Saturday, 3 September 2011

Living here (couldn't think of any Japuns) :

I am writing to you now from my rooftop kingdom : Room 804, 8th floor, Cambridge House, Chikushino, Fukuoka.

Every day, I am staggered at how hospitable the Japanese are being towards us. I have never been on any trip or organised event that has run so smoothly or been so stress / fuck-up free as this one. I can say decidedly that I have not had a single complaint yet. Even the initial information drought gave no real cause for concern: it was all in hand, and there was no need for me to be told anything!

They’re putting us up in Cambridge House, an enormous dorm owned by the university: the Japan University of Economics, or Nihon Keizai Daigaku. The big boss man is Mori Sensei who, with his lovely staff, keep the peace in the building.
The place is spotlessly clean, which might be attributable to the fact that you’re not allowed to wear your shoes indoors. As it’s the summer holidays still, we’ve been permitted our dalliances and are allowed to shuffle through the downstairs foyer and corridor in our socks to go to our slipper locker. Ordinarily, it is forbidden to walk around in socks or bare feet.
We were provided with slippers with the Cambridge House katakana on them, but unfortunately, as with so many things, they’re too small and make me look like a cross-dresser and so I had to run the gauntlet of going to AEON mall and asking for some. They only had one pair in XXXXL, which are still a bit too small. Oh well.

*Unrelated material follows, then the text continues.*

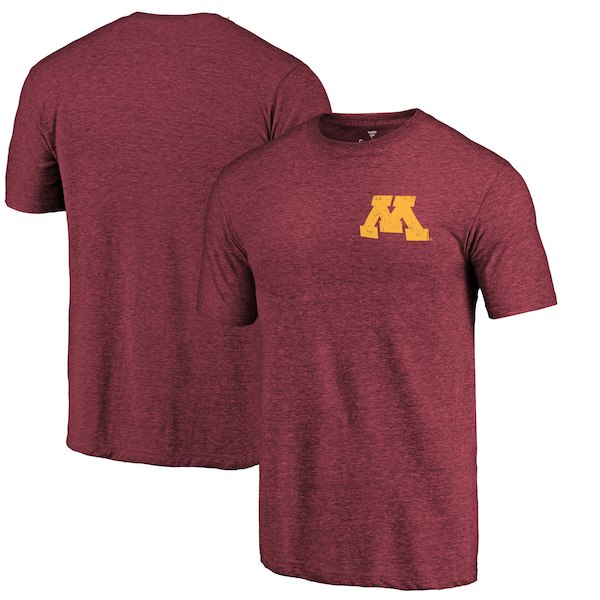 Minnesota Golden Gophers Fanatics Branded Maroon Primary Logo Left Chest Distressed Tri-Blend T-Shirt - Click Image to Close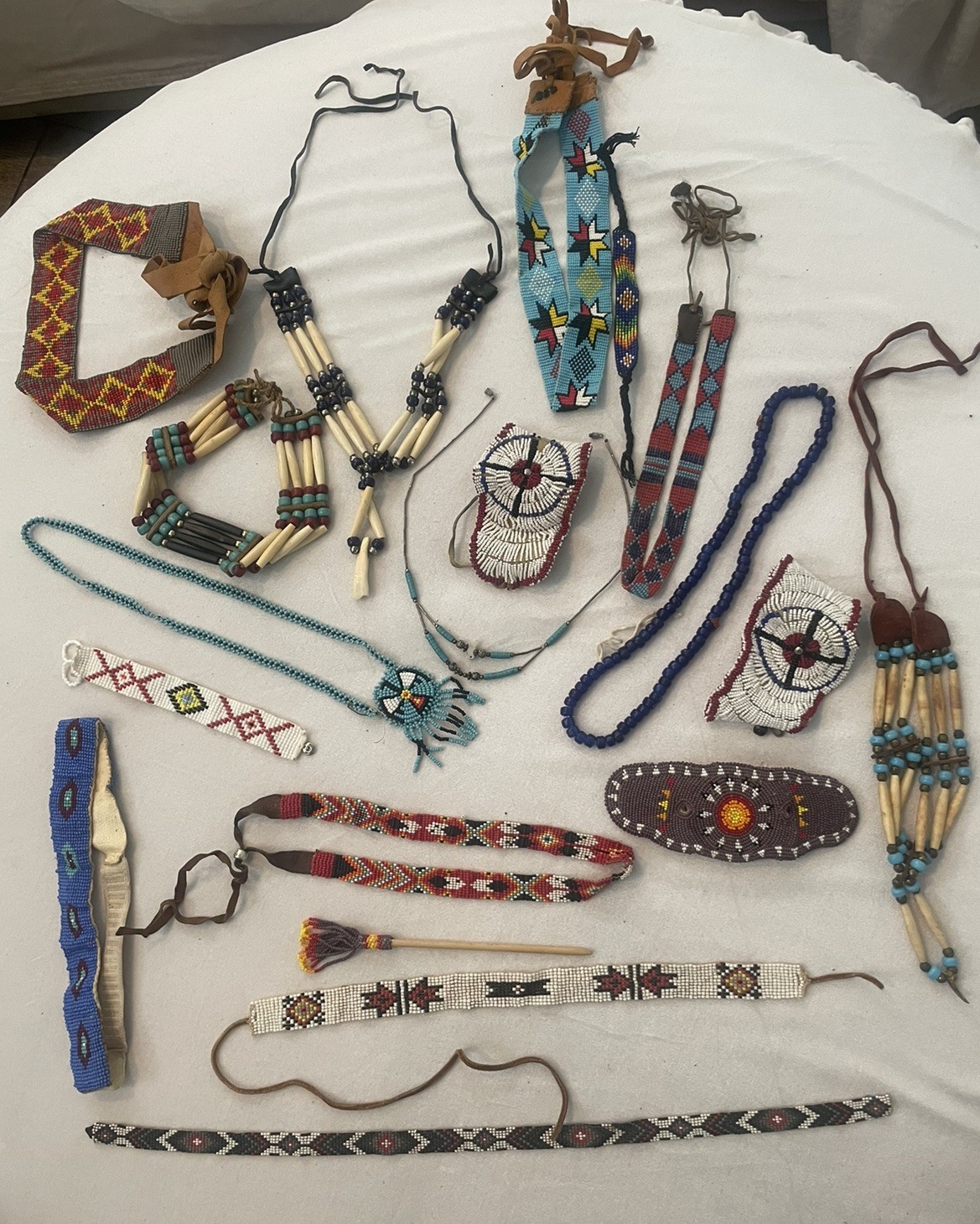 Lg Lot Beaded Leather Southwestern  Jewelry Necklace Headband Hair Tie Bracelet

We Oxbridge lot have the 8th floor to ourselves: it is our private domain, a hallowed, mysterious place where no Japanese student may tread. Unless we invite them. And only then if they’re over twenty (the Japanese drinking age). Ours is the only part of the building where drinking is allowed, and where there are no rules as far as loud music is concerned. We have enormous, apartment style rooms rather than the boxes the rest of them have to put up with. We have huge, flatscreen TVs in our rooms, a little library, a kitchen and sitting about area, several laundry rooms, a “counselling room”, you name it. They must hate us down there. Perhaps this is how Louis XVI felt…

Here are some pictures:

I suppose it’s sort of what it would be like if the Travelodge had a Presidential suite.

There are various cool gadgets, as you’d expect. We have ginormous, vat style kettles which heat the water to 98° and keep it there. We’ve been told that, since Fukushima, most of Japan’s nuclear power stations have been switched off, thereby causing quite serious power shortages. As such, we have to make sure everything is switched off at night. Nothing has been said, however, about us keeping our water superhot all day long, just in case…
We also have a fridge that shouts at you in Japanese if you leave it open for too long (could be a good dieting tactic), and there’s an add-on for the sink by which you can regulate the pH of the water you want (see pictures). Slightly alkaline water is best for tea apparently. The mind boggles.

The building is charming too: grand, with a Greco-Roman pavilion in the central court. It was going to be a swimming pool, but the boss’s missus took a shine to all things European antiquity and so the pool went down the drain. It strikes awe into the most travelled of Gaijin to see the stray winds of a Pacific typhoon, whipping white water and leaves around the face of a false marble Aphrodite, so far from home. We have karaoke rooms too, though saying as alcohol is not allowed anywhere in the building, save the 8th floor, and the dorm rules clearly state “If you are coming home drunk, please be discrete”, I can’t see any way we could use them. As Seb put it, “to prevent any un-Islamic mixing” the karaoke rooms are gender segregated too. We also have a tea-ceremony room and communal baths (more on that later!)

One of my favourite things is that we have a tannoy system that plays a little tune for every hour, the start and end of meal times, get-up time (7:30) and go to bed time (11:30). It plays Westminster chimes when it’s time to get up (a nice touch for the foreigners in the attic) and the New world symphony for bed time (which, apparently, is what they play to tell customers to get out of shops at closing time). Ruthless efficiency at its Japanterous best I’d say.